RECORDS TO USE

<<<<

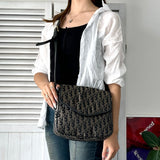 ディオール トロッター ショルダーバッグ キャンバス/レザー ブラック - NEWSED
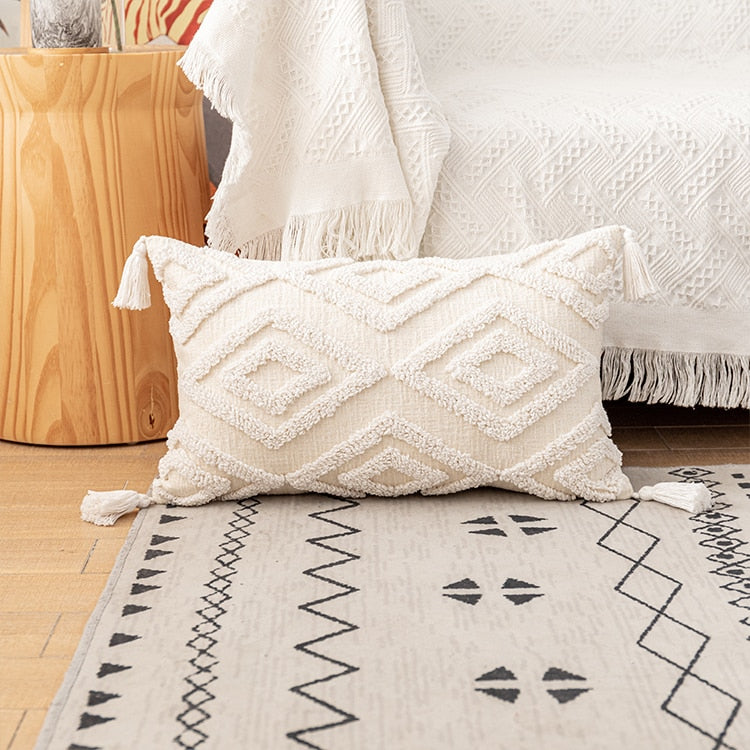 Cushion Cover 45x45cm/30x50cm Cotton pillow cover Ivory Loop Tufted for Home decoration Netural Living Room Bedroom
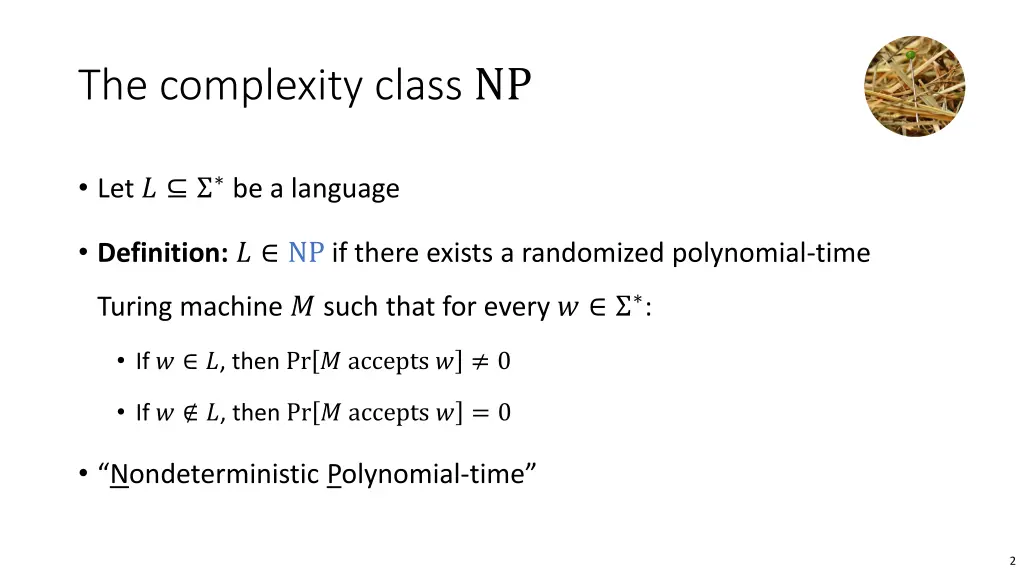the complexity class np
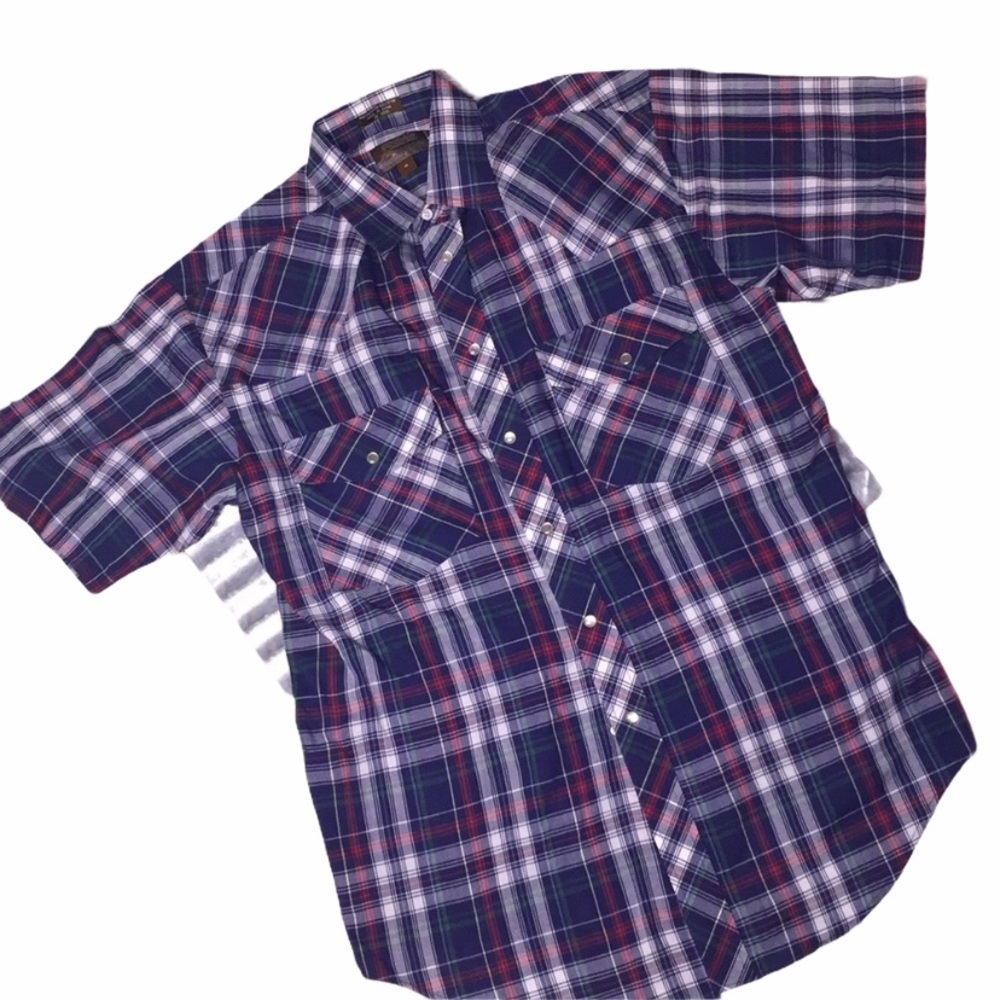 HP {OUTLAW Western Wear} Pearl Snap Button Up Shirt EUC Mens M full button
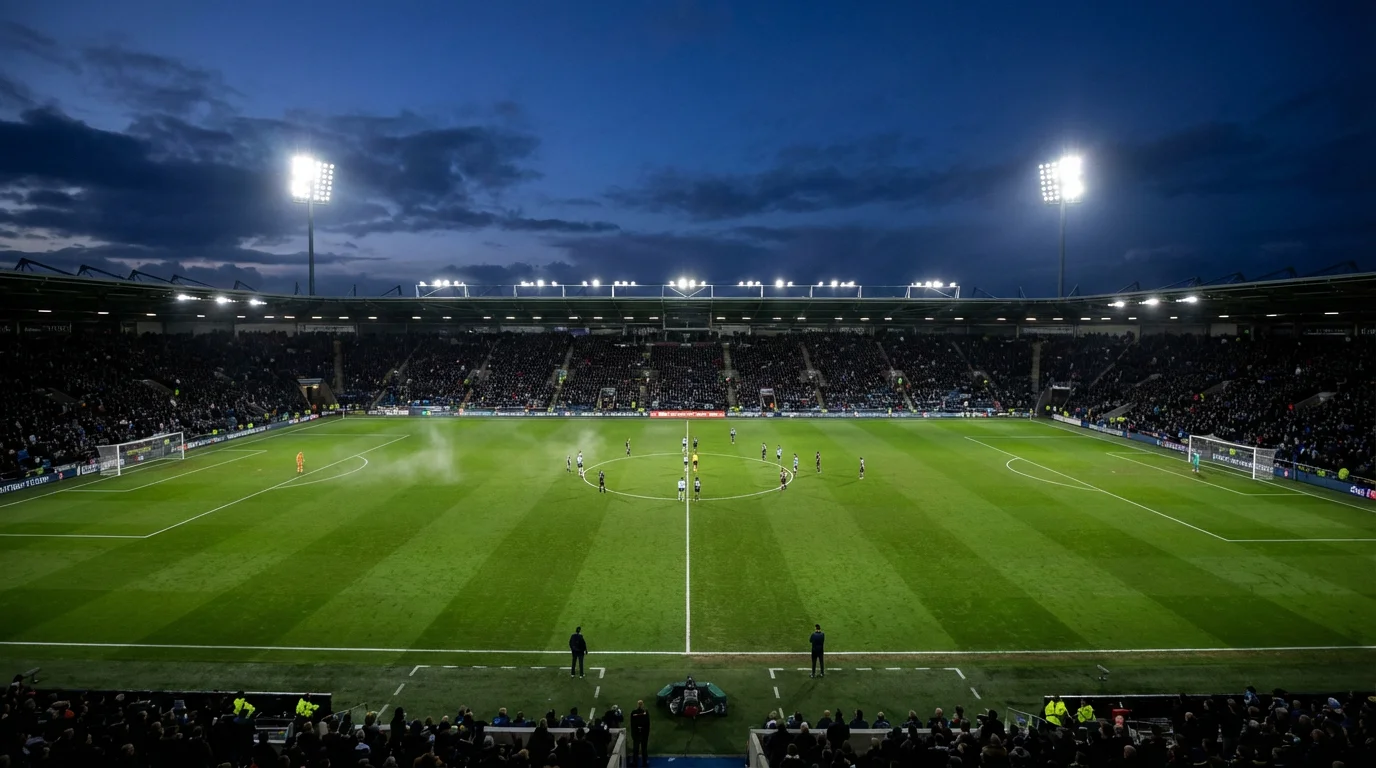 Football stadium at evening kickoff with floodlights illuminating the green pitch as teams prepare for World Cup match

>>>>

YOUR ASSIGNMENT
Please print the line that contains "M full button" along with every later line of the material, exactly, through the last one. Leave pictures out of the copy.

RESULT FOR THIS EXERCISE
 HP {OUTLAW Western Wear} Pearl Snap Button Up Shirt EUC Mens M full button
 Football stadium at evening kickoff with floodlights illuminating the green pitch as teams prepare for World Cup match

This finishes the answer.